McDonald's Restrooms In Japan Have Cleaning Devices For Phones

It's safe to say that cell phones play a huge role in many of our lives in today's digital age. Years ago, cell phones were primarily used just for communicating with each other through call or text. Now, the capabilities of cell phones have greatly expanded. The Deloitte Center for Technology, Media, and Telecommunications took a survey of 2,005 consumers from the United States and found that people use their cell phones nowadays for tons of activities. For example, the survey found that out of 10 consumers, six of them use their phones to control their smart home devices, and around seven in 10 consumers use their phones to pay and shop. Furthermore, about 68% of 14 to 17-year-olds and 49% of adults said that they find themselves consuming more content on their phones than they intended.
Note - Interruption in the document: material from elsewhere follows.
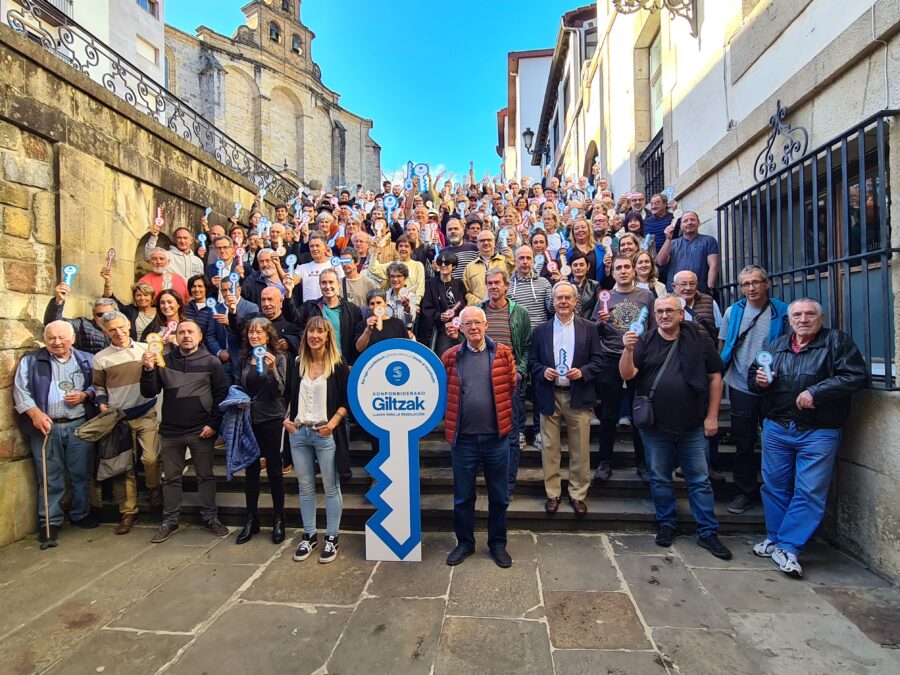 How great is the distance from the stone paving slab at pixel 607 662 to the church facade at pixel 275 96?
2872cm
With many of us using our phones more and more for daily activities, there comes a heightened concern for hygiene. Interestingly, cell phones have about 10 times the amount of germs and bacteria on them than toilets do, according to The University of Arizona's College of Agriculture and Life Sciences. That's about 25,127 bacteria per square inch of a cell phone, while an average toilet seat has about 1,201 bacteria per square inch, per State Food Safety. McDonald's in Japan has a solution for combating germy cell phones by having cleaning devices next to sinks in the restrooms, and it's just as cool as it sounds.

Phones are sanitized with UV lights

Twitter user @shao1555 shared a video from a McDonald's in Japan that has a phone sanitizing station next to the restroom sink, per Twitter. In the video, the poster can be seen placing their phone into a slot next to the sink that's appropriately labeled with "Smart phone." Their phone is automatically taken down into the sanitizing machine, where a lid closes and ultra-violet (UV) lights come on. After a moment, the sanitized phone is then sent back up for the owner to retrieve. A few Twitter users were a little skeptical about the phone sanitizer, but several people thought that machines like that should be available in other countries as well.

The unique sink phone sanitizer in one is actually called the Wosh and is made by Wota. The handwashing station can sanitize phones in about 30 seconds, removing about 99.9% of bacteria. The unit also filters and reuses 98% of its own water supply and has a ring light around the sink that illuminates for 30 seconds to promote healthy handwashing practices. McDonald's isn't the only one implementing the use of UV lights to disinfect items. In fact, grocery stores also use UV lights to kill bacteria, germs, and other microorganisms.